I seldom can notice the change from day to night anymore. The give-away used to be the appearance and disappearance of shadows, but the shadows’ paths have become so familiar to me that no matter their position they look like the same familiar shadows I expected them to be. My attention is busy unfolding the experience of novel things, and has little time to benchmark my progress by fully understood shadow-paths. The sun and moon’s journeys through the sky have come to appear as luminous streaks, where I can only discern the celestial body’s exact position if I take a momentary break from my usual investigations.
Now it is not that the breeze feels faster and stronger, or that the sun and moon cross the sky more quickly, or that the young plants at my feet sprout in a more animal-like way, compared to before my seating. Time passes at the same rate as it always has.
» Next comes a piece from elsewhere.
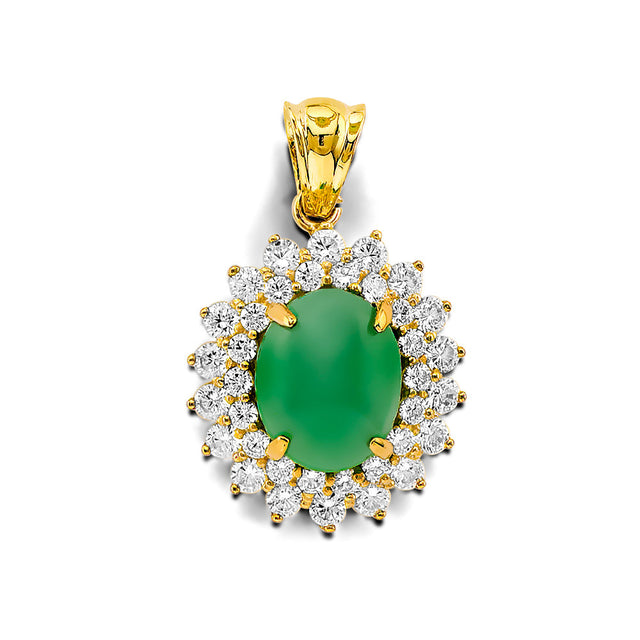 14K Yellow Gold Simulated Jade Halo Pendant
What is so phenomenally new about my experience is the unmitigated throughput of my sensory intake. There is so much detail at different levels of temporal analysis that I start failing to notice that which is only relevant second-to-second. The growth of bark on a young sapling is an exciting thing to watch, but only if you are attentive to the day-by-day.
But why be restricted to this? Why not week-by-week? Year-by-year? I consider the sapling again, the particular one down in the grove next to the toads’ home and the collection of rocks I have not looked into yet. I want to see this fledgling tree bloom. The environment around the tree is fuzzy like grass in the distance, but also applied to the rocks and animals and other plants. This sapling in particular though is so precise and full of intent. It sways back and forth to the sun. Mosses and mushrooms skitter across the sapling’s thin skin. It looses a few nascent branches, but extrudes new ones in quick order. Finally it takes for mature heights in a decade’s quick spurt, finding new strength in the divergence, due to abrupt rock erosion, of a nearby stream towards its root system. The tree stretches its sprawling roots into the warm, moist dirt, feeling for all the best spots. It awakes in the rolling springs and reaches its branches in all directions to soak up the sweet sunlight.